Exercise instructions:
Set out exactly, and only, the lines running from the one containing "Shop Hailey's Pick: Spritz Please 7-Day Set" to the bottom of the listing below; pictures stay out.

Provided data:

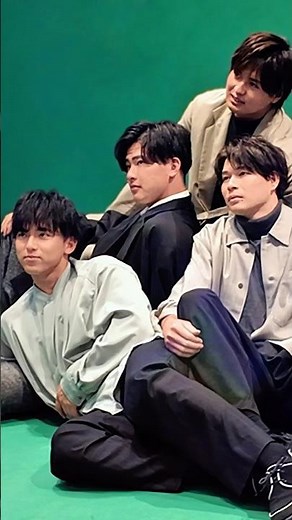 【ジュノンボーイ(？)】若鷲4人が『JUNON』2月号に登場❄️🦅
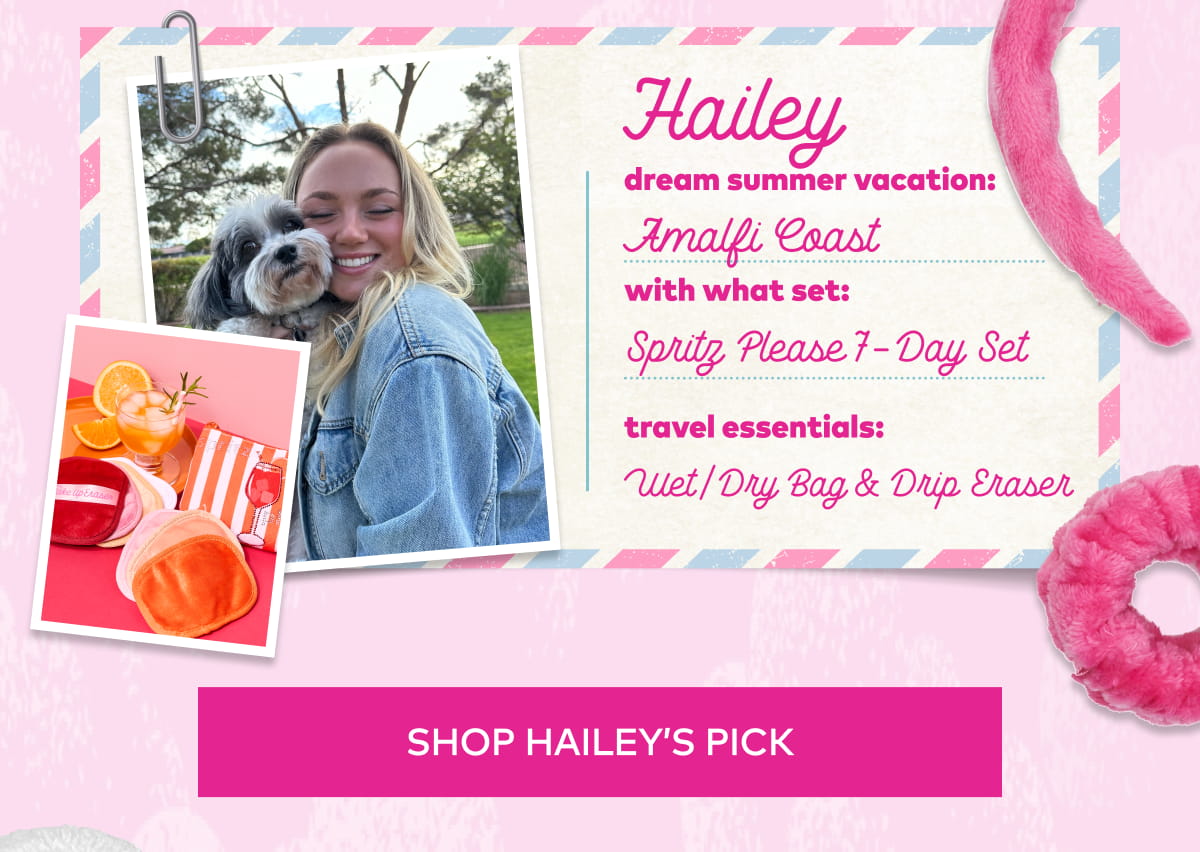 Shop Hailey's Pick: Spritz Please 7-Day Set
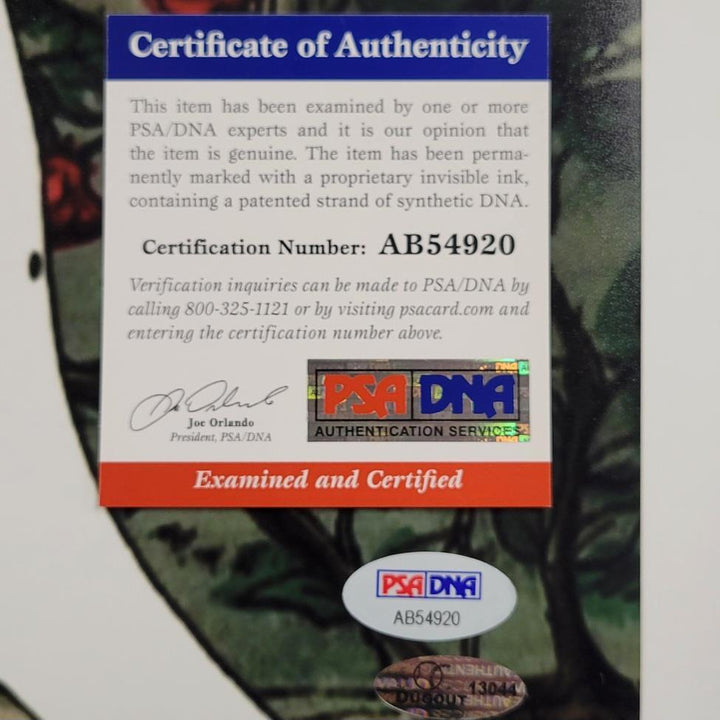 Rod Taylor signed Disney "Pongo" 101 Dalmatians 11x14 photo #2 autograph PSA/DNA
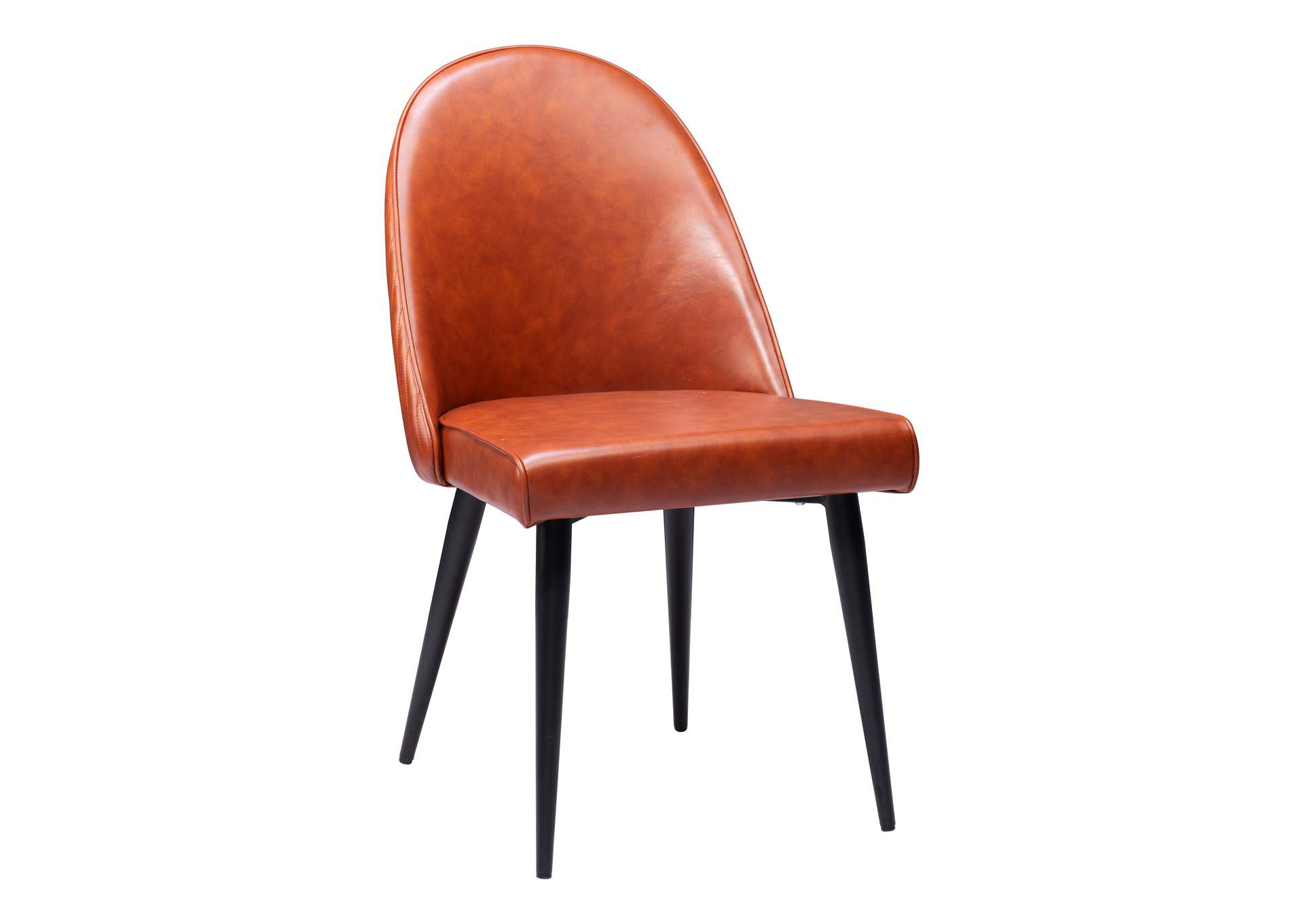 Silloth Armless Dining Chair (Set Of 2) Brown image 1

Response area:
 Shop Hailey's Pick: Spritz Please 7-Day Set
 Rod Taylor signed Disney "Pongo" 101 Dalmatians 11x14 photo #2 autograph PSA/DNA
 Silloth Armless Dining Chair (Set Of 2) Brown image 1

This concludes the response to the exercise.